News & Analysis

Asia Morning FX – AUD and EUR surge, USD takes a hit post FOMC, BoJ ahead

16 June 2023 By Lachlan Meakin


USD tumbled in Thursday’s session in the wake of a dovish Powell presser (relative to statement/dot plots) saw the Dollar bears in charge. This, coupled with a hawkish ECB and mixed US data saw DXY fall from highs of 103.38 in the European morning to a low of 102.08, with the psychological 102 level the next obvious support. A hawkish ECB, where they hiked rates by 25bp and signaled more to come, saw the sell off accelerate. A risk on equity session and US data causing US Treasury yields to tumble, also weighing on the Dollar.

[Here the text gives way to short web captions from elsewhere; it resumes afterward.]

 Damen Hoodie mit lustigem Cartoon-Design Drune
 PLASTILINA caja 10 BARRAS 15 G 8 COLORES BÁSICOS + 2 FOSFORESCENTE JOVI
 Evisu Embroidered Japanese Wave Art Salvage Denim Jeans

EUR rallied in wake of the ECB 25bp hike and the accompanying hawkish statement and presser where ECB President Lagarde strongly suggested another hike is likely in July, saw EURUSD pushing through the 1.0950 level to the upside and entering the April/May “chop zone” where some volatility could be expected.

JPY was marginally lower against the USD in a volatile session, despite overall Dollar weakness and lower UST yields. Risk on sentiment seeing haven outflows as well as traders positioning themselves for today’s possibly interesting BoJ meeting saw the USDJPY perform an impressive (almost) round trip from highs of 141.50 in the European morning back to 140.08 at the start of the Asian session. Today’s BoJ meeting could be the usual non-event, but there is a chance of a BoJ surprise in their Yield curve control policy as they did in December ’22 which would see some big moves in the JPY.

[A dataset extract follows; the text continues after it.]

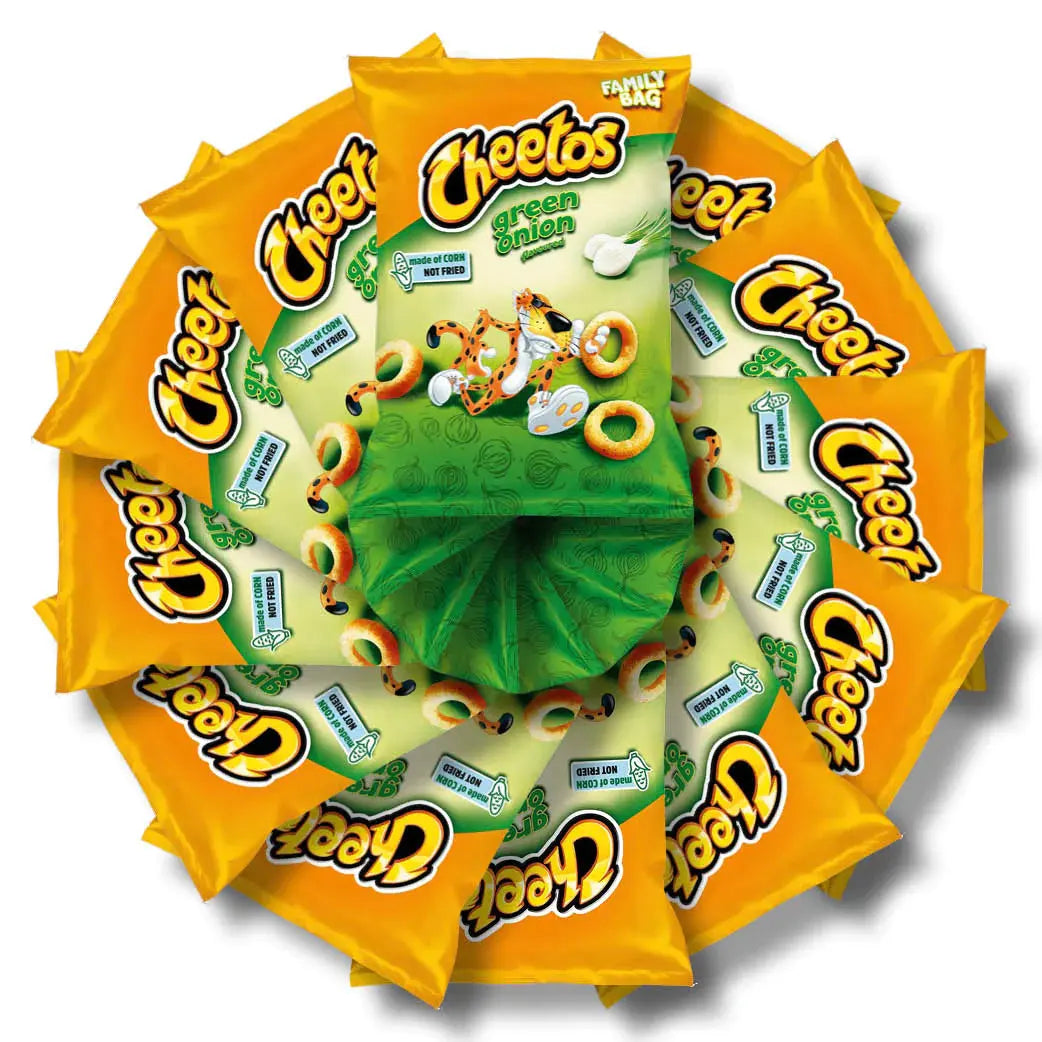 Skup Cheetos Green Onion obiteljskih vrećica čipsa, žuto-zelene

Against a market risk on background AUD and NZD both saw impressive gains with AUD being the clear outperformer. AUDUSD surging through resistance to test the big level at 0.6900 from lows of 0.6768. A blowout Australian employment report along with continued talk of Chinese stimulus buoying AUD. NZDUSD was also firmer on the day but with NZD hampered by weak GDP data on Thursday the AUDNZD cross pushed decisively higher to hit a high of 1.1043, within a whisker of June highs.

Gold prices surged off their post-FOMC lows after breaching the 1938 support level, lower yields and a weak USD seeing XAUUSD firmly back into its trading range after the false breakout to the downside.

Today’s main risk event will be the Bank of Japan monetary policy statement, it could be a fizzer or it could be fireworks, there will be no in-between in my opinion. If the status quo is maintained as far as monetary policy is concerned there should be minimal market impact, if the BoJ does surprise by tinkering with any of their policies then some extreme volatility in Japanese bonds and the JPY is a probability.